(Paris 1764 - Paris 1838)
A Design for a Jardinière, with a Relief of Venus and Apollo
Laid down on a larger sheet, possibly an album page.
210 x 153 mm. (8 1/4 x 6 in.)
Many years later, the art historian Henry Havard illustrated this same jardinière in his monumental Dictionnaire de l’ameublement et de la décoration, published between 1887 and 1890. As he wrote, ‘Meanwhile, on the advice of Percier, the cabinetmaker Jacob made a number of very remarkable pieces, as architecture and as ornamentation, the drawings of which have fortunately been preserved. We reproduce two of them here, and the opulence of these pieces of furniture, the care which Percier has taken of designing so many varied models, indicates that it was around this time that the jardinière completed its adaptation to elegant interiors and to take the place in Parisian houses which it has not ceased to occupy since then.’
This watercolour by Percier was formerly in the archival collection of cabinetmaker François-Honoré-Georges Jacob-Desmalter (1770-1841), who oversaw one of the most important furniture workshops in Paris in the first quarter of the 19th century.
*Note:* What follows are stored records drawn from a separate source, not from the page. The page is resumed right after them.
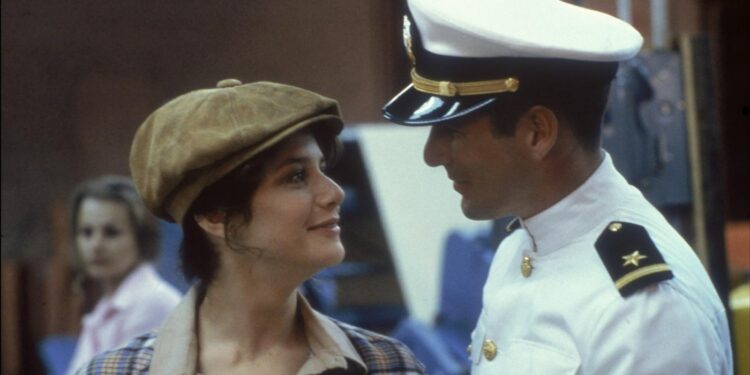 Richard Gere and Debra Winger in An Officer and a Gentleman (1982)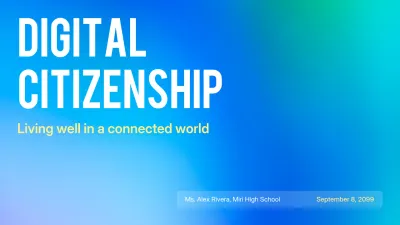 Blue Modern Digital Citizenship Guide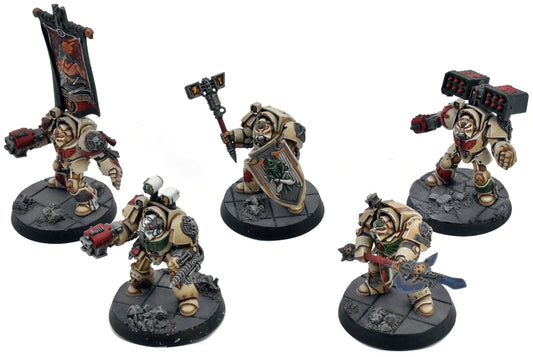DARK ANGELS 5 Deathwing Terminators #2 WELL PAINTED Warhammer 40K 4254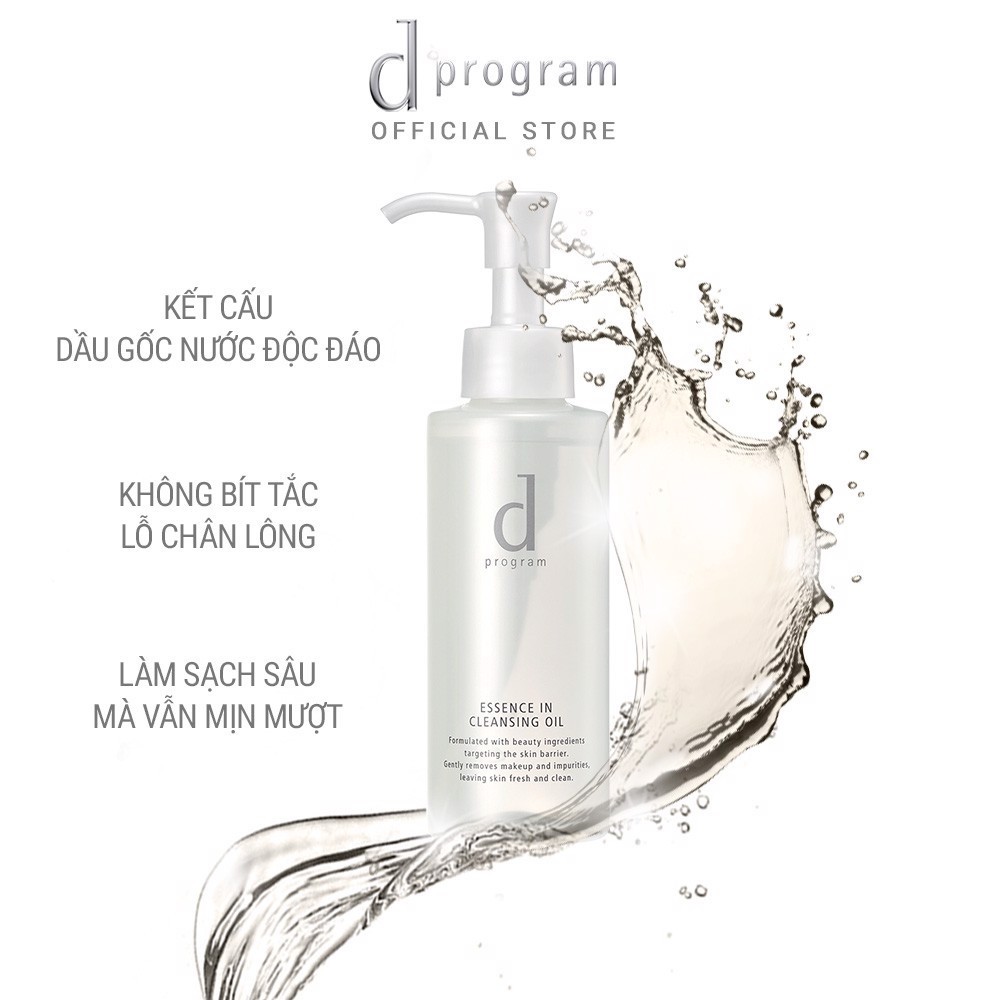 Dầu Tẩy Trang d program Dành Cho Da Nhạy Cảm 120ml Essence In Cleansing Oil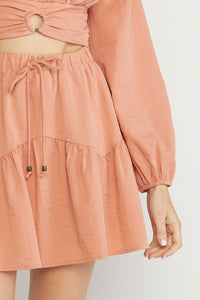 Live With Passion Skirt - Salmon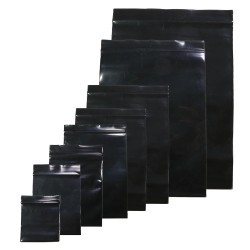 Reclosable plastic bags - pouches - heat sealing - black - 4 * 5 cm - 100 piecesStorage Bags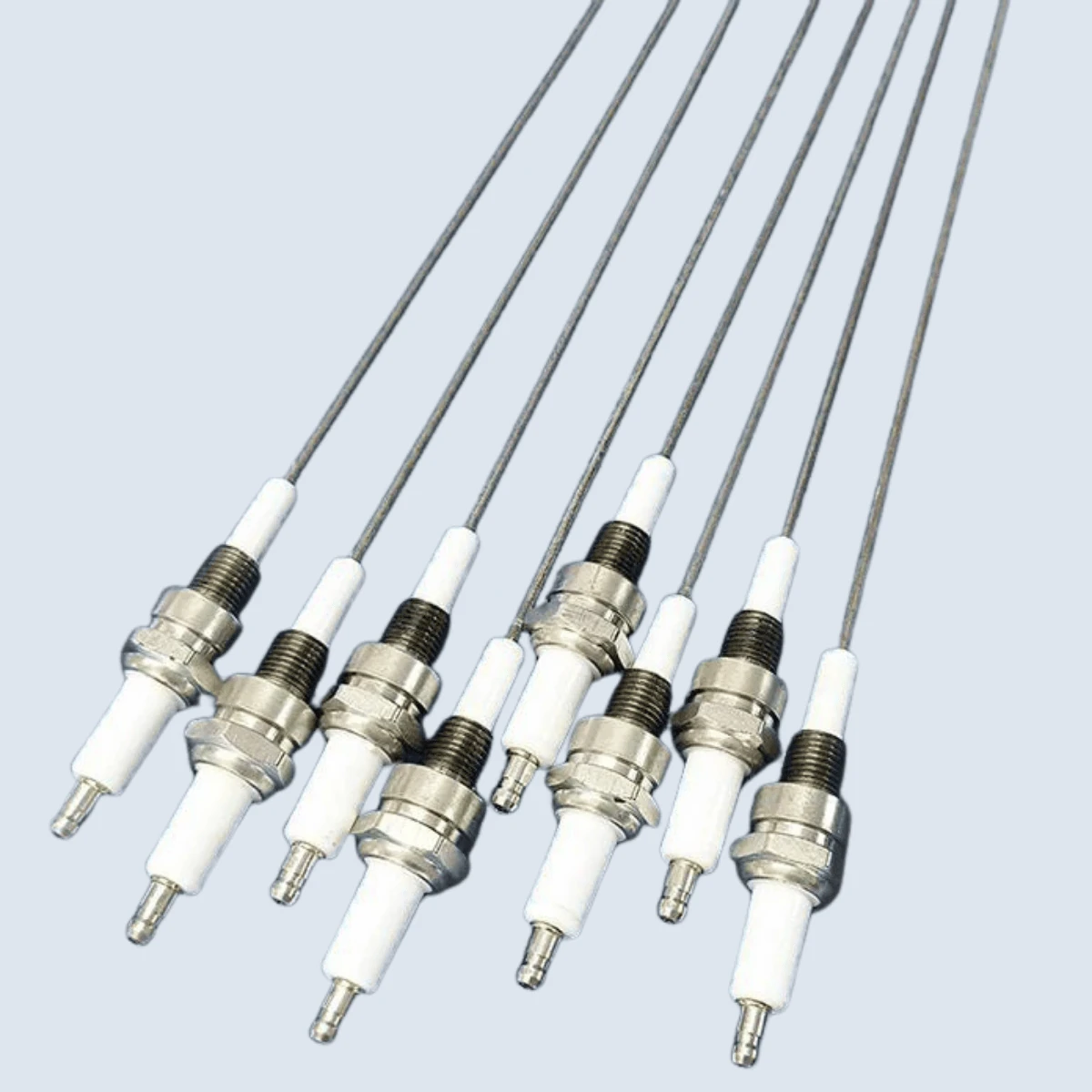 Özel ölçü ateşleme elektrodları porselen izolatörlü uzun brülör elektrodları
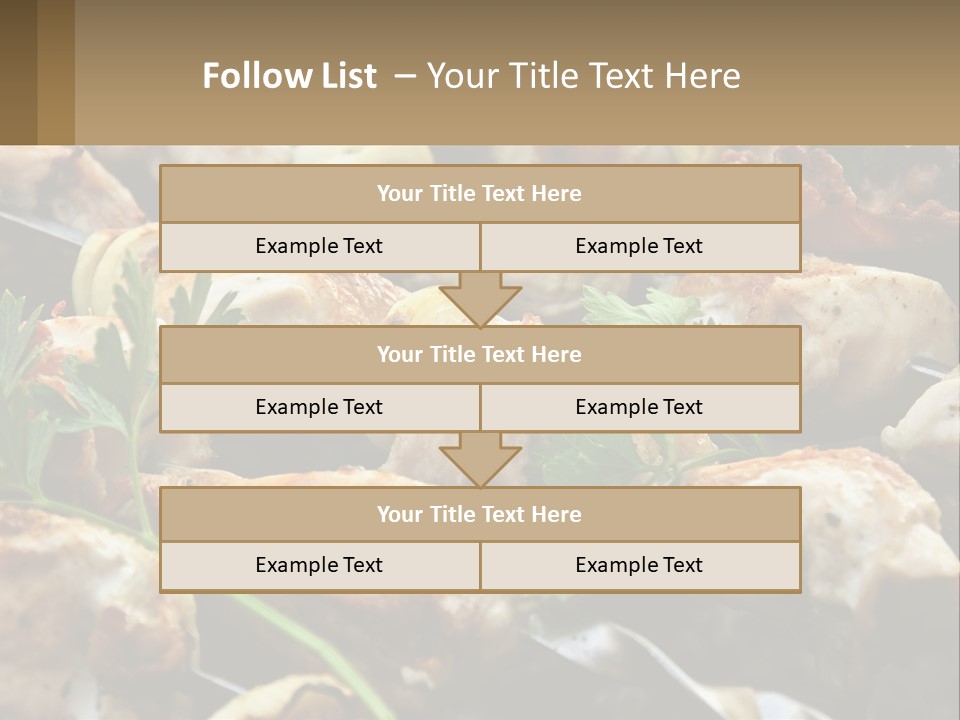 Pensioner Beach Family PowerPoint Template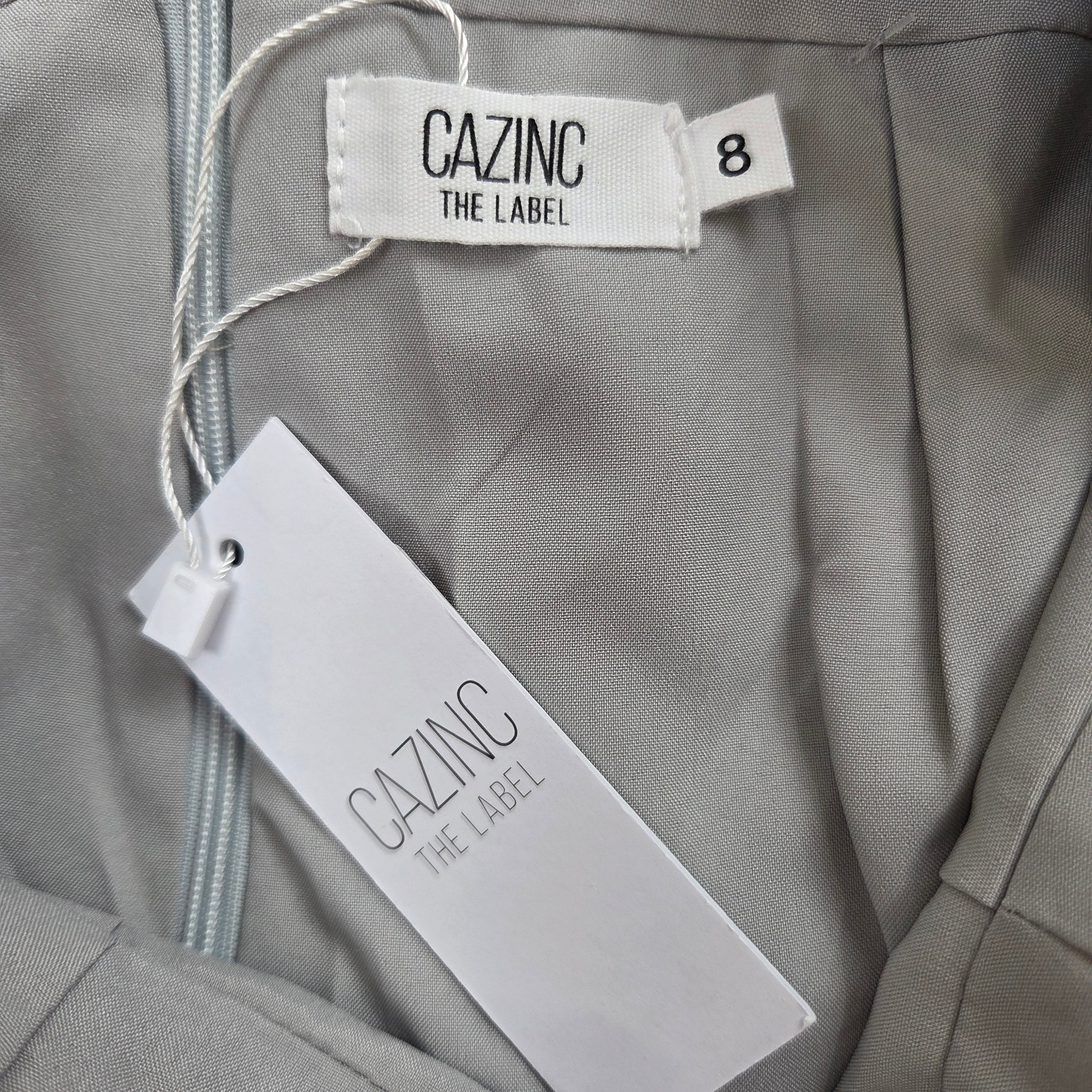 Cazinc The Label Grey Halter Dress (New)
A similar jardinière was produced by Jacob-Desmalter, after a design by Alexandre Dufour, for the Princesse d’Eckmülh at the Château de Savigny.
After winning the Prix de Rome for architecture in 1786, Charles Percier spent the next seven years as a pensionnaire at the Académie de France in Rome. Together with Pierre Fontaine (1762-1853), a fellow student of the architect Antoine-François Peyre, Percier sketched the monuments of ancient and modern Rome. Upon their return to Paris, Percier and Fontaine embarked on a long and successful partnership, working closely as architects and designers until about 1814. Together they published a number of books on architecture, ornament and furnishings, each accompanied by their illustrations, such as the Palais, maisons, et autres édifices modernes, dessinés à Rome, published in 1798. These were collaborative efforts in which Percier drew the architectural and sculptural elements, while Fontaine was responsible for the landscapes and figures.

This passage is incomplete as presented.